A bunch of zombies that are used by the government to fight in a major war in the near future get launched into space. The space shuttle gets caught in a time warp and returns to Earth in the present day. Naturally, the zombies get loose and terrorize a motley assortment of folks who are trapped inside a high school.
If you ask ten people to describe “beauty,” you’ll likely get ten very different concepts. The same applies in describing quality, in terms of low-budget horror movies. Scholars and snobs may insist “quality” means groundbreaking, well-shot, or well-acted. Hipsters might also chime in “quality” means whatever’s popular at the moment.
Fortunately, Zombie Bloodbath III is none of those things. In fact, it’s really quite stupid, and I wouldn’t recommend it to anyone I care to remain friends with.

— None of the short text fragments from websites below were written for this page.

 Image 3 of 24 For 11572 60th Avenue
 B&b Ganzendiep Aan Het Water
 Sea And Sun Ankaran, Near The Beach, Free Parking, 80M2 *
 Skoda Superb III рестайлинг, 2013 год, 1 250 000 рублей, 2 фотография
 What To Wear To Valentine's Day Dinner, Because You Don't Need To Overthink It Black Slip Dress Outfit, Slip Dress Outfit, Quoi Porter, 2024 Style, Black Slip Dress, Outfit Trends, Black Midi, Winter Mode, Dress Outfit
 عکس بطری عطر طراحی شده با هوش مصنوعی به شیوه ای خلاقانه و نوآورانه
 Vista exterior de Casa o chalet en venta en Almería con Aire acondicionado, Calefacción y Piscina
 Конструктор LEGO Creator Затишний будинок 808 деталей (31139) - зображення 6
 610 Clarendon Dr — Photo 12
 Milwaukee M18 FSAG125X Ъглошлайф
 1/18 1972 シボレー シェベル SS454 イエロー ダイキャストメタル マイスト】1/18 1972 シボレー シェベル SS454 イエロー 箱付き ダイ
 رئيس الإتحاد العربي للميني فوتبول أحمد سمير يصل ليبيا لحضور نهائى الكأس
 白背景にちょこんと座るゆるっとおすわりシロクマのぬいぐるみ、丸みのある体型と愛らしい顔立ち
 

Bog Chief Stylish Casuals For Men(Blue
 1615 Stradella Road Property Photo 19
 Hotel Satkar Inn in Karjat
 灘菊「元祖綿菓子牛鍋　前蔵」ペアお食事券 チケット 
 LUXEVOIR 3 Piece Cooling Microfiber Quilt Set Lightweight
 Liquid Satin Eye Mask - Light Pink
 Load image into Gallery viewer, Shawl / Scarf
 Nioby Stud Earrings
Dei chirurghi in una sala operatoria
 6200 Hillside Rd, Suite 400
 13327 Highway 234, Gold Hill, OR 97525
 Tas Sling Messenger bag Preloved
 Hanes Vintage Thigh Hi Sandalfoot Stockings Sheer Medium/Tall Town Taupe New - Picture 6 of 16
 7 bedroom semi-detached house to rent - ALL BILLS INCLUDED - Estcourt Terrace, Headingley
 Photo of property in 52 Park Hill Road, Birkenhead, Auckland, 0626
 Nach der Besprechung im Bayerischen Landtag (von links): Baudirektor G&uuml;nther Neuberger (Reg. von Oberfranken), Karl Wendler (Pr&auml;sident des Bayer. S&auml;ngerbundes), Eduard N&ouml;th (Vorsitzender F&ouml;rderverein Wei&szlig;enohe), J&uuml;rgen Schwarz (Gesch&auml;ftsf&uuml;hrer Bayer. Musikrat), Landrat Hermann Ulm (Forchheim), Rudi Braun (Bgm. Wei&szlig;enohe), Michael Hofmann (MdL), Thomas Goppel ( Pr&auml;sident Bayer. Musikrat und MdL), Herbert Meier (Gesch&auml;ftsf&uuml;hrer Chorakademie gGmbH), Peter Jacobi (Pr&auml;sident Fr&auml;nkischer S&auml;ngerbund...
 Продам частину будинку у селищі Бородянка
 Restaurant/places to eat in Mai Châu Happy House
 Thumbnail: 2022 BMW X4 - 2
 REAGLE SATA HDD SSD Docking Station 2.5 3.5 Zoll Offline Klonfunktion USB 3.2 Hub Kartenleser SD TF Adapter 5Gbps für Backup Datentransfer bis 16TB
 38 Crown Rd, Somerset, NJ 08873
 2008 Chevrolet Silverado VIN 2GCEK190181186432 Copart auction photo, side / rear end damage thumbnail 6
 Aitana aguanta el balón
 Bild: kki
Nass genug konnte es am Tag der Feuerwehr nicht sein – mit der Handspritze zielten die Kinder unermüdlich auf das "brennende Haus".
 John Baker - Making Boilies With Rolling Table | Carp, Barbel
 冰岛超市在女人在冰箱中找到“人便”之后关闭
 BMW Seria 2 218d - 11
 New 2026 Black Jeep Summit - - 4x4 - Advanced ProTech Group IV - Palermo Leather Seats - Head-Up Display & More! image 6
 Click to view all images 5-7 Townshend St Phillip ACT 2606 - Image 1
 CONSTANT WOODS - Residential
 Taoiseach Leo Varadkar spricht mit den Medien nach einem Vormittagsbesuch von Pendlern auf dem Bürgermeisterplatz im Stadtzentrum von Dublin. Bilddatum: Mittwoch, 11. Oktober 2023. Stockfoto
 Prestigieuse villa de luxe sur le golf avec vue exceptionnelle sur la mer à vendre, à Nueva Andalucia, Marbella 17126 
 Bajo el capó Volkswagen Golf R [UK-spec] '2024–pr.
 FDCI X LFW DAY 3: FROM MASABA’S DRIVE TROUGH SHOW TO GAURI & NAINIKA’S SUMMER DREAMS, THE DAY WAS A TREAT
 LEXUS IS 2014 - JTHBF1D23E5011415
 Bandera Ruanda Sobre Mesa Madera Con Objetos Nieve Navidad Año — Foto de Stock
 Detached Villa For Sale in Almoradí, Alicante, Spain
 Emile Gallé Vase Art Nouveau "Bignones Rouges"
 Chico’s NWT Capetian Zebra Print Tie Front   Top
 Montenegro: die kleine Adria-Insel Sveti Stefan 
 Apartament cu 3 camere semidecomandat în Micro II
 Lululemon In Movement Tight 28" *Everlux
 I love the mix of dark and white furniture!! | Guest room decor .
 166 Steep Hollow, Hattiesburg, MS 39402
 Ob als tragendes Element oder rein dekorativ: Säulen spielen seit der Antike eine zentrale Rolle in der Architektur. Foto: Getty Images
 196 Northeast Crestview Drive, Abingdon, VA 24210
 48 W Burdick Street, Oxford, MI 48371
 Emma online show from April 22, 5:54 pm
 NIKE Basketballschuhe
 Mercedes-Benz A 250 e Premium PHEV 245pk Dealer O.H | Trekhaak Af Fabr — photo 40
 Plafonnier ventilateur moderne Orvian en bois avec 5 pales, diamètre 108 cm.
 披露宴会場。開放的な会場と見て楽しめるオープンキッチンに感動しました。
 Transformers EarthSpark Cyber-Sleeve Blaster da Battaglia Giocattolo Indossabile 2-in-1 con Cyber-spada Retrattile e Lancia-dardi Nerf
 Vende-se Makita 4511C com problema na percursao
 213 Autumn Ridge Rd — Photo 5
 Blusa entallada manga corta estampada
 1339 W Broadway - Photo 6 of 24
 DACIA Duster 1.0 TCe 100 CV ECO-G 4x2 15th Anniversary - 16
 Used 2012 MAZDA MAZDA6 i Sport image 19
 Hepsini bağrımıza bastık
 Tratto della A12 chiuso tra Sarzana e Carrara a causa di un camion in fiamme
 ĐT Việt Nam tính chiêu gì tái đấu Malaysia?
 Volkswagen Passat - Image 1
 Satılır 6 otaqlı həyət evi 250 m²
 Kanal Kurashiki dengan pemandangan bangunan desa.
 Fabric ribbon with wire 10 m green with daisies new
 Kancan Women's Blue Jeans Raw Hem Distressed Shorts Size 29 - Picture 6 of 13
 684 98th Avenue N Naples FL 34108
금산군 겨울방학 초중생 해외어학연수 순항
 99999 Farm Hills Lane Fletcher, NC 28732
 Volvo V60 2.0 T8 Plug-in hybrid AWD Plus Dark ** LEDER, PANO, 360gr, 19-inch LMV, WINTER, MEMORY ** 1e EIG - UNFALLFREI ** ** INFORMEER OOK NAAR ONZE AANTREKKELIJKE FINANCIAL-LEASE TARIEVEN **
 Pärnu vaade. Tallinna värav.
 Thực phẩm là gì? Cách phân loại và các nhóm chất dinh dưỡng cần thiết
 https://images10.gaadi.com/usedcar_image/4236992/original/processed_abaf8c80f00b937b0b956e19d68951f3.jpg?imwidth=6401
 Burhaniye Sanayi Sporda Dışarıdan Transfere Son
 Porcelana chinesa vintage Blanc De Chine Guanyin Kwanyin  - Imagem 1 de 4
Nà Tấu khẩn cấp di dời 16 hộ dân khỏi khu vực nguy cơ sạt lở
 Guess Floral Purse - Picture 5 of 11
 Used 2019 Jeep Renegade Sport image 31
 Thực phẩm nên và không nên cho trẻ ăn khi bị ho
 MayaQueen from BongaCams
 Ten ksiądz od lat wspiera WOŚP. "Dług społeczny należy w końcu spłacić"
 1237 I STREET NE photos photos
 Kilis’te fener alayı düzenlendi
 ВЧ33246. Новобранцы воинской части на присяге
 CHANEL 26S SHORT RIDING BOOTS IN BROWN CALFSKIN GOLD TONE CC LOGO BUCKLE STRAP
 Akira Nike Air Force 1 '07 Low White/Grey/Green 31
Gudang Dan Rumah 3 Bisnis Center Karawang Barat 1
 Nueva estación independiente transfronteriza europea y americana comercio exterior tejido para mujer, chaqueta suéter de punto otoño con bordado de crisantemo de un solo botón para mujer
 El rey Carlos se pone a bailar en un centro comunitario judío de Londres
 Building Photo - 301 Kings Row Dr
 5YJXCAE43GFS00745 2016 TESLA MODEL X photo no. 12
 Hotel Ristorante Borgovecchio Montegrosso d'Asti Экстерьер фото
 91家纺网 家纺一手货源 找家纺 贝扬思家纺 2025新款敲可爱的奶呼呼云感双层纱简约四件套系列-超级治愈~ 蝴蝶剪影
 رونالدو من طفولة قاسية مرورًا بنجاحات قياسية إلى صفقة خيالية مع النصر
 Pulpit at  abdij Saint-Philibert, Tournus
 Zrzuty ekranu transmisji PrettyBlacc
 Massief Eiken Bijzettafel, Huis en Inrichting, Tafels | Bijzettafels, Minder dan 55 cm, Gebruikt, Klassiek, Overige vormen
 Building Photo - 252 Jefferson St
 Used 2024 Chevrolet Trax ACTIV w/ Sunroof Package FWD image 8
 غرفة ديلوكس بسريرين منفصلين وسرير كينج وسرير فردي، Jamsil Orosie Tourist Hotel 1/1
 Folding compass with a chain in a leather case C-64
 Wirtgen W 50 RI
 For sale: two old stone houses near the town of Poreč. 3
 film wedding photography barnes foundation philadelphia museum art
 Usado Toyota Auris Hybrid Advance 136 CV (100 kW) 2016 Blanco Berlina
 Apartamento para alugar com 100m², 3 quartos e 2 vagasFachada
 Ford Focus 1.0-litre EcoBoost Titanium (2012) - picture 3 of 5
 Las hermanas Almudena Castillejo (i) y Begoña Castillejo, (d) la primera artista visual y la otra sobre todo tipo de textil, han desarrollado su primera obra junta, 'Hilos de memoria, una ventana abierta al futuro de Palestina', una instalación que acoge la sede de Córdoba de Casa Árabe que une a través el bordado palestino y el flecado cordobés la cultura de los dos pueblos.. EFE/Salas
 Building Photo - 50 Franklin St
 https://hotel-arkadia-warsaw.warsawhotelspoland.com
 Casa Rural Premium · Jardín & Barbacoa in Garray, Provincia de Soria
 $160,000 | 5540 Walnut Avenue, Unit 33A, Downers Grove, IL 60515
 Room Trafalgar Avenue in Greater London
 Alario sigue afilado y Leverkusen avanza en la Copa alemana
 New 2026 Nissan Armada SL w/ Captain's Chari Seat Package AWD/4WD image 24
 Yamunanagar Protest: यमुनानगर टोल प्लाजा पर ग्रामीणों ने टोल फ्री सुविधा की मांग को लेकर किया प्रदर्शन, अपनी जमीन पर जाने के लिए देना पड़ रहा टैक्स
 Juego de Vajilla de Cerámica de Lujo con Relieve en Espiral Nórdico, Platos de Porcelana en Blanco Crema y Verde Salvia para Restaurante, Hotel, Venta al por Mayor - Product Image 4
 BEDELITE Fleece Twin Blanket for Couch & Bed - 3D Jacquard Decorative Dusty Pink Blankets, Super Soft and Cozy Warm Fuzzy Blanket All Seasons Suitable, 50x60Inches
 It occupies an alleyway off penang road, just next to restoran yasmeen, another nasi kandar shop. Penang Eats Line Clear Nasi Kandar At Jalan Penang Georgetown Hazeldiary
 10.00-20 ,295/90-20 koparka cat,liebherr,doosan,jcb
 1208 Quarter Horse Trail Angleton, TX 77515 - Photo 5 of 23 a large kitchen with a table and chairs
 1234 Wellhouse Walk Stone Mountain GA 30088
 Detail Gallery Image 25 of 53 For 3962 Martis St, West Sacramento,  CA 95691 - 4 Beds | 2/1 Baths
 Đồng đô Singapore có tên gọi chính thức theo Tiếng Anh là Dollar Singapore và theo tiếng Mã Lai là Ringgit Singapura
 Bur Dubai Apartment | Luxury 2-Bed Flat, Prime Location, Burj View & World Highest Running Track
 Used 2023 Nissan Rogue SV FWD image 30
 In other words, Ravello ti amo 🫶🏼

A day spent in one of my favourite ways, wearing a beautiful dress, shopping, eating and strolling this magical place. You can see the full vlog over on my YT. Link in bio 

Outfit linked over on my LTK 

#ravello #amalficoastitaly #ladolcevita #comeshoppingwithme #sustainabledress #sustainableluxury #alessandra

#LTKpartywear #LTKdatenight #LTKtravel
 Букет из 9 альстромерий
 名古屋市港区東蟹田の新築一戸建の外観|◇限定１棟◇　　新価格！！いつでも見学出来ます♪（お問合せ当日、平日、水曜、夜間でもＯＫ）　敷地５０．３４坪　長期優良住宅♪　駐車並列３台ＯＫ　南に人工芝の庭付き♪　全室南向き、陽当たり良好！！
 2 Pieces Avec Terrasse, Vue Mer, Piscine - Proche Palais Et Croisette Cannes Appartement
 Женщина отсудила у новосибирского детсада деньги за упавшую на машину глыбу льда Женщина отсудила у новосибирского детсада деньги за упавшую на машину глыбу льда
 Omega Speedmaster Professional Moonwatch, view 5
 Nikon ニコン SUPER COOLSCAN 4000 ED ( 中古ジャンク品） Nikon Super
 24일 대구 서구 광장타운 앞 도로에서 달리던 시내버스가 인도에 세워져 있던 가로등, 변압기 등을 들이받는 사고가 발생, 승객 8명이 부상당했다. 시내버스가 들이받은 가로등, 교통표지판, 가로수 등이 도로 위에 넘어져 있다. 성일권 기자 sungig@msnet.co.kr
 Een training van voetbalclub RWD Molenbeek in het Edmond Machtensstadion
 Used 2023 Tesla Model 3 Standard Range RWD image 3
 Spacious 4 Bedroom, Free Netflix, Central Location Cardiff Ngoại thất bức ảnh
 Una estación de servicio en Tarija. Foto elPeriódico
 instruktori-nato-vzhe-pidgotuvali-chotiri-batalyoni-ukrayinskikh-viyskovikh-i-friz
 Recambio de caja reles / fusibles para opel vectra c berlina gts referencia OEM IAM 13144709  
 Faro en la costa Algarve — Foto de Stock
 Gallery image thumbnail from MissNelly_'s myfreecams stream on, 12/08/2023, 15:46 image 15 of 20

But my definition of quality is “fun, macabre, and batshit crazy.” And boy, did this movie steal my heart (and brain).
The premise alone is fantastic—zombies in space! Regardless of slapdash editing and gore effects, you’ve gotta admit those three words are enough to grab your attention. And the director, Todd Sheets, does a pretty good job giving Brian Eklund’s screenplay its due diligence—whatever sick, twisted stuff you imagine happening with zombies in space shuttles, this creative duo tops your expectations. Again, the gore effects leave a lot to be desired, but if you’ve ever seen the primitive effects in one of the old GWAR films, you have an idea what sort of schlock to expect.
One thing that bothered me was the acting. That’s not to say anyone’s acting was terrible, only that half the actors seemed to be in on the joke while the other half were striving to give Oscar-worthy performances. It’s very distracting, and it made me confused about how seriously I was supposed to take the movie.
This problem wouldn’t be so prominent if not for the pacing in the first half of the movie. A scene featuring two high school radio nerds droning on about nothing made me wonder if Sheets was channeling Kevin Smith. If so, he needs to watch Clerks a few more times, because he clearly doesn’t understand why the incoherent ramblings of two averages Joes worked so well for Kevin Smith.
If you’re unsure whether or not to give this movie a chance, you need merely watch the first few minutes to get the gist of the beautiful mess. As previously stated, I actually enjoyed it overall, and I could imagine it being played from a projector at any local punk rock bar.